At 318, once there is sufficient training data in the training window, the latency analysis module 120 proceeds to statistically compute a normal latency for each latency component of interest in the latency transaction data. In one embodiment, this is achieved by computing a normal distribution of each latency component based on the received data samples in the training window and the mean value and standard deviation value in the normal distribution. The range of normal latency values for each latency component is then based on the mean and standard deviation values of the normal distribution of such a component as desired. For example, in a standard normal distribution, 68% of the values lie within one standard deviation of the mean, 95% within two standard deviations, and 99% within three (3) standard deviations. Thus, a latency component is considered normal if its value ranges within one, two, or three standard deviations as desired. Alternative embodiments are contemplated wherein the range of normal latency values for each latency component is based on any other desired statistics about the normal distribution of the latency component, such as percentiles of the normal distribution, or about any other desired variable, such as time, that is associated with the latency component.

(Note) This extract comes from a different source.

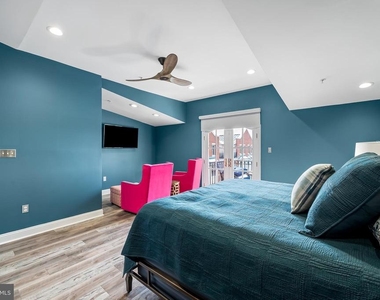 2323 Boston Street - Photo Thumbnail 31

At 320, once the normal latency of each latency component of interest is statistically computed, the data sample collected and determined to be abnormal at 312 is then compared against these statistical computations to rank the latency components in the new data sample based on their degree of abnormality in accordance with the latency-ranking policy collected at 310. It should be noted that the latency components in an abnormal data sample collected for analysis are of the same respective types as those latency components in the data samples of the training window in order to perform the comparison. The degree of abnormality may be set as desired by the user, as based on the latency-ranking policy, and depends on the amount or percent of difference (increase or decrease) from its normal latency calculated at 318. For example, for a latency-ranking policy based on standard deviations from the mean, if a first latency component has a value in the collected abnormal data sample that is within three standard deviations of the mean and a second latency component has a value in the collected abnormal data sample that is within two standard deviations of the mean, the first latency component is ranked at a higher abnormality level than the first latency component. Thus, the first latency component is deemed to be a bigger contributing factor to the overall abnormal latency transaction sample than the second latency component.

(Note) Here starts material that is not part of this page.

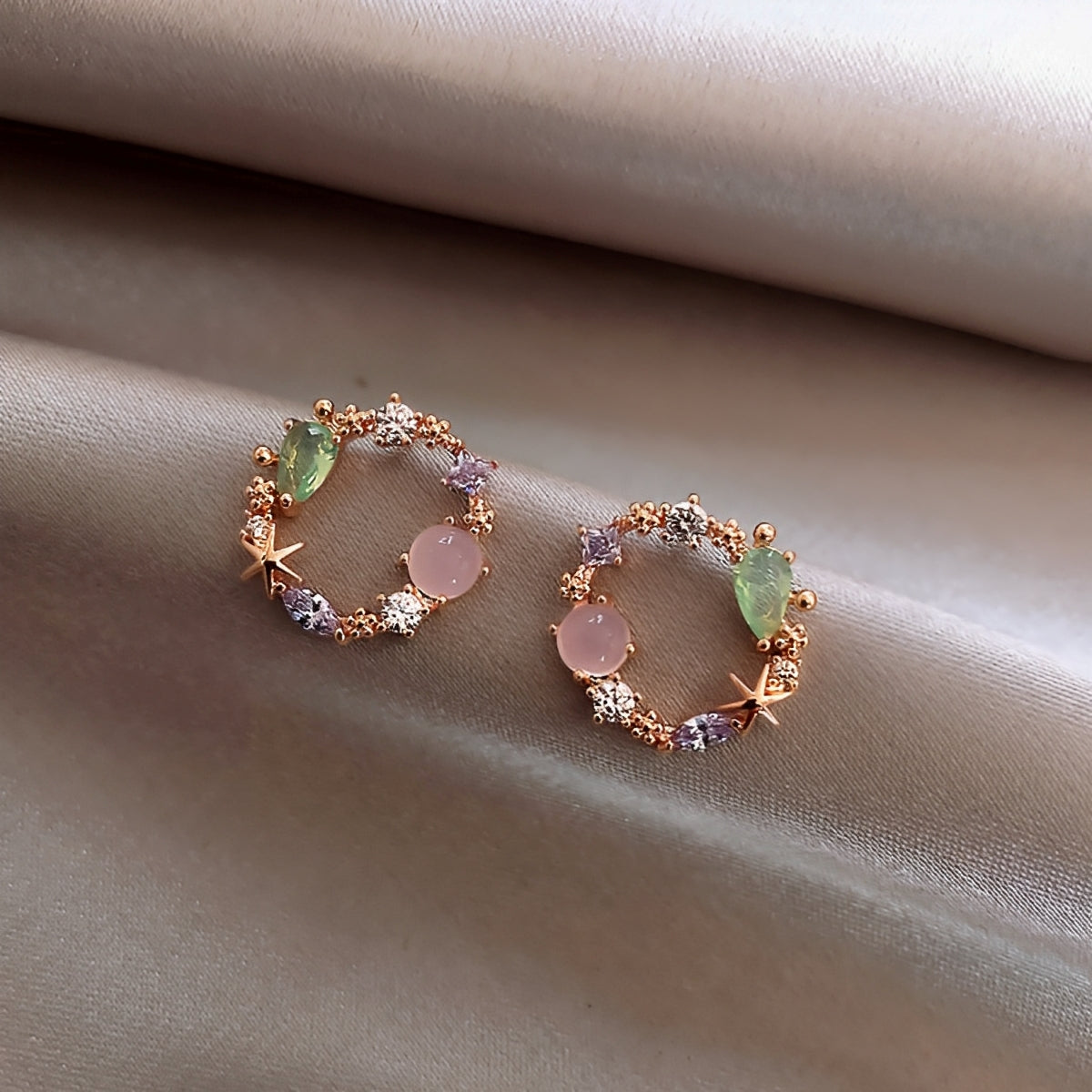 Charlene – Kristallblumenohrringe in Roségold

In one embodiment, the latency analysis module 120 continuously executes the method 300 to receive transaction latency data samples and provide a moving training window at 314 as new data samples are collected and received. Referring back to the example wherein there are 100 data samples in the training window, the latency analysis module 120 (e.g., as specified by the user) may discard the oldest five, or any desired number, normal samples in the training windows to make room for five new normal data samples, wherein the normal latency for each latency component of interest is computed again at 318 so that up-to-date ranking of the latency components is continuously performed for better accuracy of the latency analysis.

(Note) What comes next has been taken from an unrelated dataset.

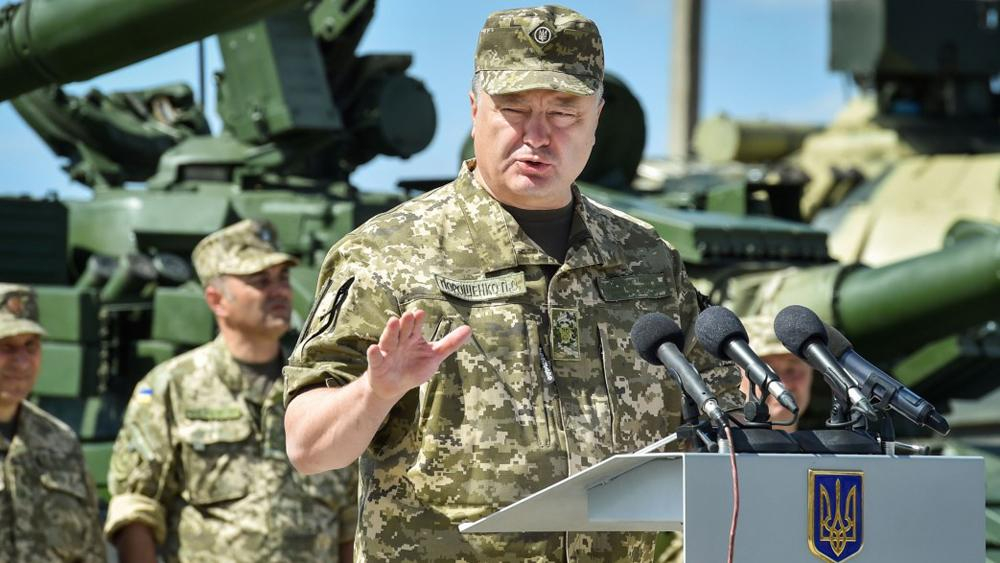 Группировку Вооруженных сил под Мариуполем усилят, — Порошенко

In an alternative method to the method 300, the collected inputs at 310 do not include the definition of normality. Instead, each transaction latency data sample includes an indication as to whether it is normal or abnormal based on a determination external to the system 100. Thus, in the alternative method, the determination of whether each data sample is normal at 312 is merely based on whether such a data sample carry a normal or abnormal indication, and the alternative embodiment proceeds in accordance to the remainder of the method 300.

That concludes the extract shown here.